In August 2012, the Comprehensive Transplant Center awarded four Pilot Grant Awards in memory of Mark Pescovitz, MD.
About Mark Pescovitz, MD
Dr. Mark Pescovitz was an alumnus of the medical school and a truly inspiring individual. At the time of his death in December 2010, he was a professor of Microbiology/Immunology and director of the Transplant Immunology Laboratory at Indiana University School of Medicine. A transplant surgeon, medical researcher, artist, philanthropist, father, and husband, his legacy is one of intellectual curiosity, innovation, and extraordinary service to society.

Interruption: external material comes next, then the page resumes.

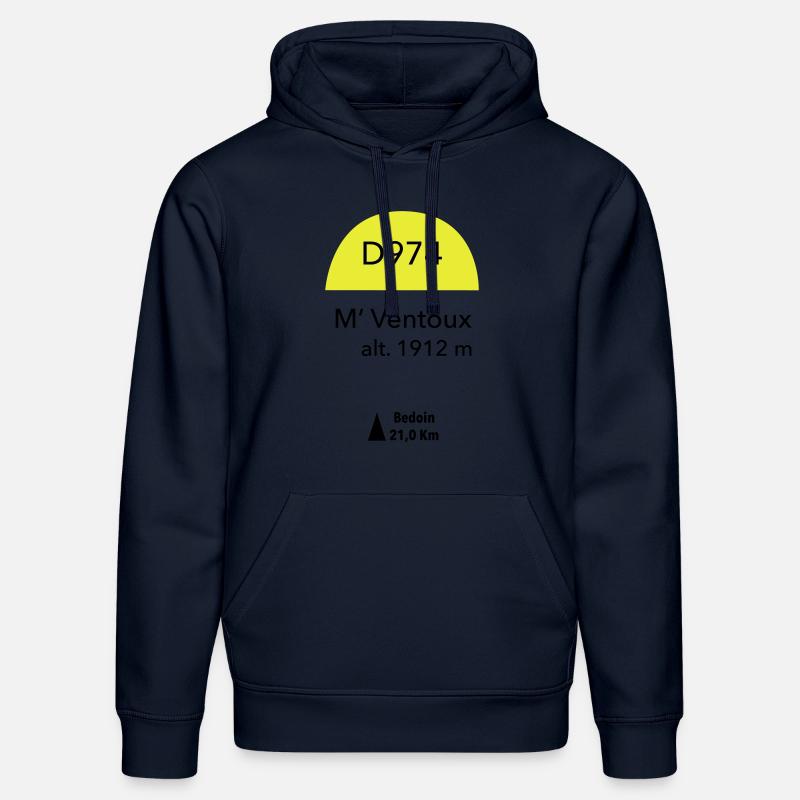 Mont Ventoux - Stanley/Stella Unisex Bio-Hoodie DRUMMER  - French Navy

This award recognizes such spirit in fellow scientists, and encourages their future work.
Novel Injectable Polyelectrolyte Nanogels for Cell Transplantation Therapy
Guillermo Ameer, ScD
Cell transplantation is a promising tool that could potentially have an impact in regenerative medicine and tissue engineering applications. In particular, the ability to deliver cells and bioactive proteins in a minimally invasive manner makes this strategy attractive to clinicians. Several pre-clinical and clinical trials have demonstrated the potential of this approach to have an impact on patient outcome in various areas including tissue revascularization, diabetes, wound healing, and gene therapy. This project investigates the use of a novel thermoresponsive hydrogel as a carrier for endothelial cells (ECs) and a protein known to promote stem cell homing to sites of injury (SDF-1). The simultaneous delivery of ECs and SDF-1 is expected to significantly improve the arterial response to injury. This effect will be investigated in a rat aorta graft interposition model that will be developed in collaboration with the microsurgery core facility.
Double Cord Blood Chimerism Assessment
Olga Frankfurt, MD
Double cord blood transplantation (DCBT) had successfully circumvented the problem of a limited cell dose in a cord blood graft and has become a standard of care approach in the United States for adult patients. Despite significant reduction in graft failure with DCBT compared to that of a single unit, a delayed engraftment and primary engraftment failure do occur. Patients who fail to engraft or develop life-threatening infectious complications due to profound and prolong neutropenia may be salvaged by the infusion of additional stem cells. Ability to early, confidently and accurately predict engraftment would be an invaluable tool, allowing to adequately prepare for the additional unit re-infusion in appropriate time frame. Technical limitations of the currently available semi-quantitative PCR assays of informative polymorphic STRs, typically do not allow for chimerism (the most significant predictor of engraftment) assessment prior to day 21 after the stem cell transplantation. This project intends to utilize a novel technology - the qPCR engraftment monitoring assay that uses 34 oligonucleotide probe sets that allows for monitoring of amplification of the target sequence in real time – to determine if engraftment could be predicted earlier than day 21. Additionally, this technology may allow for the detail understanding of engraftment kinetics of both cords, shedding some light on their interactions and providing better insight into the factors that determined successful engraftment. This project is being conducted in close collaboration with the Histocompatibility and Chimerism Core Laboratory.
Cost Effectiveness of Immunosuppression Reduction in Pediatric Liver Transplant Recipients
Saeed Mohammad, MD, MS
Liver transplantation is life saving therapy for children with end stage liver disease. Immunosuppression reduction and withdrawal has the potential to reduce costs and comorbidities however there is the risk of graft rejection. The aim of our project was to assess the cost effectiveness of immunosuppression reduction in pediatric liver transplant recipients. In order to perform a cost effectiveness analysis, data on health utilities were needed for our population. Ideally health utilities are obtained directly by the standard gamble or time trade off technique, however this is time consuming. Health utility surveys may also be used to obtain these indirectly. Data on costs would be obtained through the cost accounting system at our institution.
Elucidating Optimal 3D Bioplotted Scaffold Parameters for Enhancing the Viability, Growth, and Function of Mature and IPS Cell-Derived Hepatocytes
Ramille Shah, PhD
This project aims to begin to understand how a 3D synthetic microenvironment fabricated via 3D bioplotting can affect the growth and function of mature or stem-cell derived hepatocytes. The work over this past year primarily focused on evaluating different material systems as well as stem cell sources (mesenchymal or induced pluripotent stem cells) for liver tissue engineering. One of our goals was to evaluate different material systems to be able to use in further investigations to study how the scaffold architecture (i.e. pore size, shape, and porosity) can influence cell behavior.